Но здесь пред нами огромные
палаты с высокими мраморными столбами, с большим
подъездом. Этот дом открыт для всякого, кто может
сказать роскошному Амфитриону:
Joignez un peu votre inutihte
A ce fardeau de mon oisivete [118] [Прибавьте
немножко вашей бесполезности // К бремени моей
праздности (фр.).].
Хозяин целый день зевает у
камина, между тем как вокруг его все в движении,
роговая музыка гремит на хорах, вся челядь в
галунах, и роскошь опрокинула на стол полный рог
изобилия. В этом человеке все страсти исчезли,
его сердце, его ум и душа износились и обветшали.
Самое самолюбие его оставило. Он, конечно,
великий философ, если совершенное равнодушие
посреди образованного общества можно назвать
мудростию. Он окружен ласкателями, иностранцами
и шарлатанами, которых он презирает от всей души,
но без них обойтиться не может. Его тупоумие
невероятно.

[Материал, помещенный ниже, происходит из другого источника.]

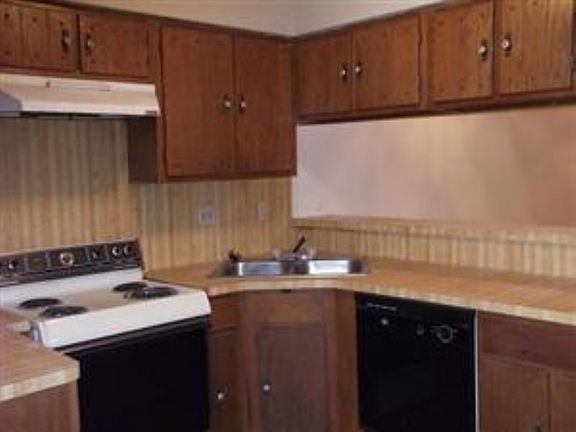 5th image of 5606 Easthampton Dr Unit B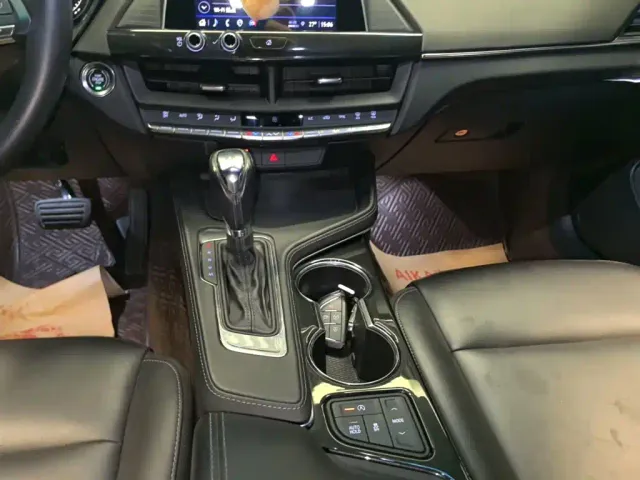 Cadillac CT4 — Фото автомобиля 13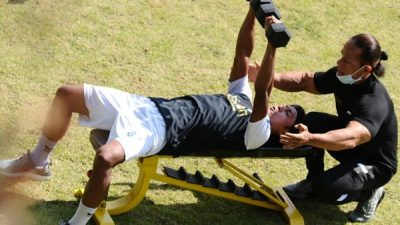 Tingkatkan Fisik, Skuat Arema FC Diarahkan Peraih Emas PON, Iwan Samurai Tingkatkan Fisik, Skuat Arema FC Diarahkan Peraih Emas PON, Iwan Samurai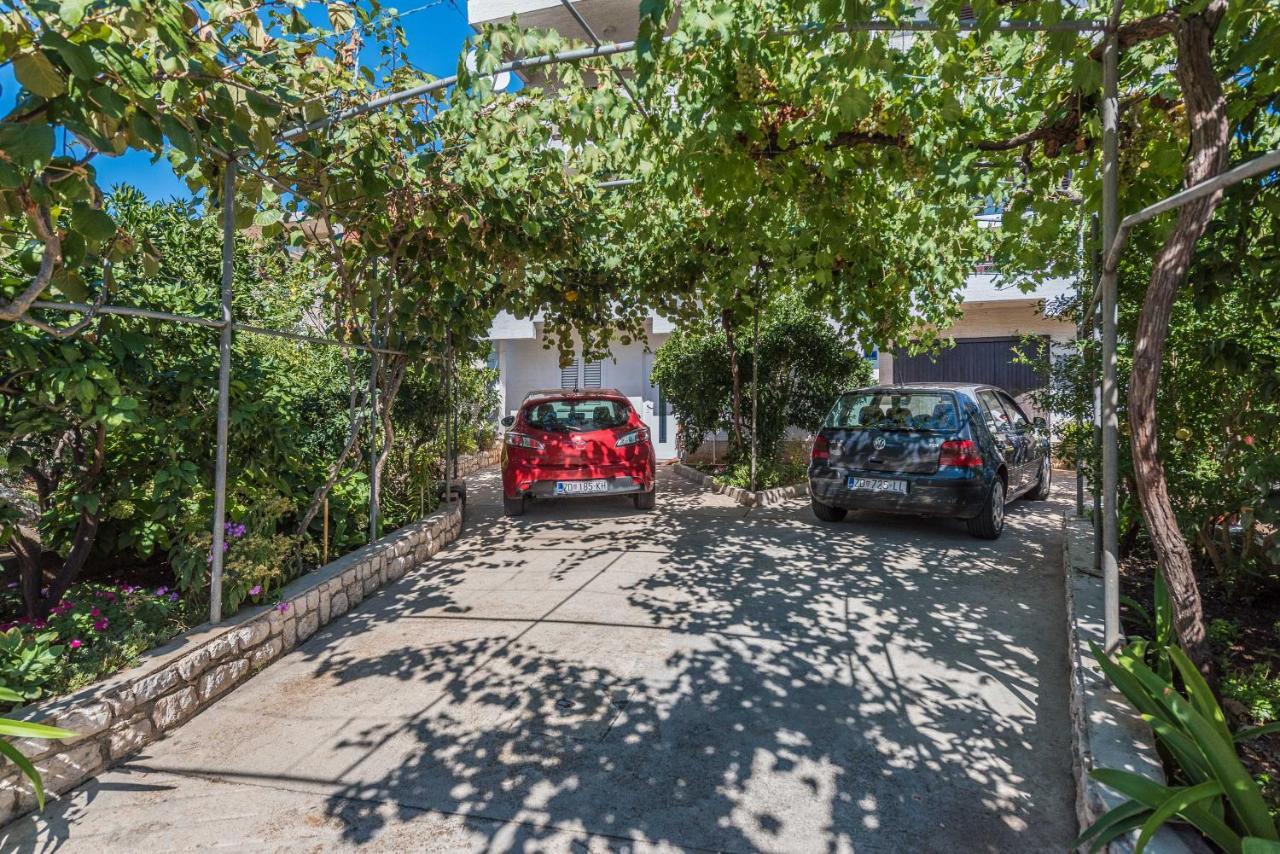 Stedi Apartment Lukoran Екстериор снимка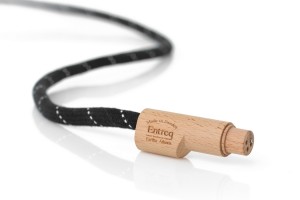 Eartha Atlantis XLR Female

Пользуясь всеми выгодами знатного
состояния, которым он обязан предкам своим, он
даже не знает, в каких губерниях находятся его
деревни; зато знает по пальцам все подробности
двора Людовика XIV по запискам Сен-Симона,
перечтет всех любовниц его и регента, одну после
другой, и назовет все парижские улицы. Его дом
можно назвать гостиницей праздности, шума и
новостей, посреди которых хозяин осужден на
вечную скуку и вечное бездействие. Вот следствие
роскоши и праздности в сей обширнейшей из столиц,
в сем малом мире!
Я думаю, что ни один город не
имеет ниже малейшего сходства с Москвою. Она
являет редкие противуположности в строениях и
нравах жителей. Здесь роскошь и нищета, изобилие
и крайняя бедность, набожность и неверие,
постоянство дедовских времен и ветреность
неимоверная, как враждебные стихии, в вечном
несогласии, и составляют сие чудное, безобразное,
исполинское целое, которое мы знаем под общим
именем: Москва. Но праздность есть нечто общее,
исключительно принадлежащее сему городу; она
более всего приметна в каком-то беспокойном
любопытстве жителей, которые беспрестанно ищут
нового рассеяния. В Москве отдыхают, в других
городах трудятся менее или более, и потому-то в
Москве знают скуку со всеми ее мучениями. Здесь
хвалятся гостеприимством, но - между нами - что
значит это слово? Часто - любопытство. В других
городах вас узнают с хорошей стороны и
приглашают навсегда; в Москве сперва пригласят, а
после узнают. Музыка прошлой зимы вскружила всем
головы; вся Москва пела: я думаю, от скуки. Ныне
вся Москва танцует - от скуки. Здесь все влюблены
или стараются влюбляться: я бьюсь об заклад, что
это делается от скуки. Молодые женщины играют на
театре, а старухи ездят по монастырям - от скуки, и
это всякому известно. Карусель, который стоил
столько издержек, родился от скуки. Одним словом,
здесь скуку можно назвать великою пружиною: она
поясняет много странных обстоятельств. Для
жителей московских необходимо нужны новые
гулянья, новые праздники, новые зрелища и новые
лица. Здесь славная актриса Жорж принята была с
восторгом и скоро наскучила большому свету. Сию
холодность к дарованию издатель "Русского
вестника" готов приписать к патриотизму; он
весьма грубо ошибается.
Москва есть большой
провинциальный город, единственный,
несравненный: ибо что значит имя столицы без
двора? Москва идет сама собою к образованию, ибо
на нее почти никакие обстоятельства влияния не
имеют. Здесь всякой может дурачиться как хочет,
жить и умереть чудаком. Самый Лондон беднее
Москвы по части нравственных карикатур. Какое
обширное поле для комических авторов, и как они
мало чувствуют цену собственной неистощимой
руды! Надобно еще заметить, что здесь
семейственная жизнь, которую можно назвать
хранительницею нравов, придает какое-то
добродушие и откровенность всем поступкам. Это
заметил мне англичанин-путешественник, который
называл Москву прелестнейшим городом в мире и
прощался с нею со слезами.
Но время летит, и почти час обеда
приходит. Мы опоздали зайти в этот дом, которого
наружность вовсе непривлекательна. Здесь
большой двор, заваленный сором и дровами; позади
огород с простыми овощами, а под домом большой
подъезд с перилами, как водилось у наших дедов.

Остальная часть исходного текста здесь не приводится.